Magic Statistics

“I accept no responsibility for statistics, which are a form of magic beyond my comprehension.” — Robertson Davies

April 12th, 2006 at 6:57 pm

Catholic Church spotlights the challenge of Islam

Pope Benedict XVI has assumed a more critical stance vis-à-vis Islam than did his predecessor.  He seems more concerned with the challenge Islam poses for Christianity; certainly, he has spoken out strongly against terrorism and in support of religious liberty.  After Abdul Rahman was allowed to flee Afghanistan to safety in Italy, it emerged that the pope played a key role by telephoning Afghan President Hamid Karzai and urging his release.

Further evidence of the Catholic Church's reappraisal of Islam is found in the new issue of Studium, a bi-monthly Italian journal of Catholic culture.  The January-February issue includes a 30-page essay entitled "The Islamic Question" by Roberto A.M. Bertacchini and Piersandro Vanzan.  The latter author, a Jesuit, writes for La Civiltà Cattolica, a magazine closely associated with the Vatican.

Studium's website is entirely in Italian, but a lengthy excerpt translated into English, has been posted at Chiesa, along with introductory remarks by Sandro Magister.  Here are the opening paragraphs from the excerpt:

Islamic terrorism is a rather complex response to the confrontation with the West, which Islam sees as a devastating, deadly threat.

At the end of the 1980’s, there was a pitched battle within the Islamist camp between the positions of Abdullah Azzam and the more extremist positions of Ayman Al-Zawahiri, a true ideologue of jihad in the form it has taken today, which includes in the category of enemy the “Herodians,” or those who collaborate with the West. On November 24, 1989, Azzam was assassinated in Peshawar, and Al-Zawahiri had an open field.

For the zealots, everything that comes from the outside is like poison to their traditional ways of life, so they hold that there is only one way to avert cultural catastrophe: expel the invader and hermetically seal off the borders, so nothing can pollute or corrupt their miniature world. This is, in part, the position of Osama Bin Laden, who is opposed to the American presence, not only in Iraq, but also in Saudi Arabia.
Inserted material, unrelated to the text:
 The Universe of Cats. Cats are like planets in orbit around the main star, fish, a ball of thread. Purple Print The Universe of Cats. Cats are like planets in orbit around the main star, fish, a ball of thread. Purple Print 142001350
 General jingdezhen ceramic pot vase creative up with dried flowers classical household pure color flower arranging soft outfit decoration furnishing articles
But this defensive program would never work against Western civilization. Unlike all previous civilizations, it is not localized or territorially circumscribed. The pervasiveness of the global village is such that there is only one way to escape its grasp: destroy it. And this is Al-Zawahiri’s ideological program, which he pursues with a complex strategy. For the formula of “modernizing Islam,” he substitutes another: “Islamizing modernity,” and therefore the West.

Within the Muslim world, Islamization means de-Westernizing everything: from political and cultural institutions to economic ones, even to the point of rethinking banking operations. On the outside, it means spreading Islam through vigorous missionary activity, in both Europe and the United States: this activity is supported above all by Saudia Arabia. But according to the most radical interpretations, Islamizing the West means violently attacking its political and economic power, without sparing the civilian population.

This pan-Islamist program might make some smirk, just as many smirked at Hitler before his political ascent. But this is a real program, which is being carried out according to a clear plan, and although it is working slowly, it is producing results.

That this is a real program can be seen in many ways.

The authors then outline six pieces of evidence supporting the proposition that an intentional pan-Islamist campaign against Western civilisation has been underway since at least 1969.

Read the whole thing.

via Dhimmi Watch.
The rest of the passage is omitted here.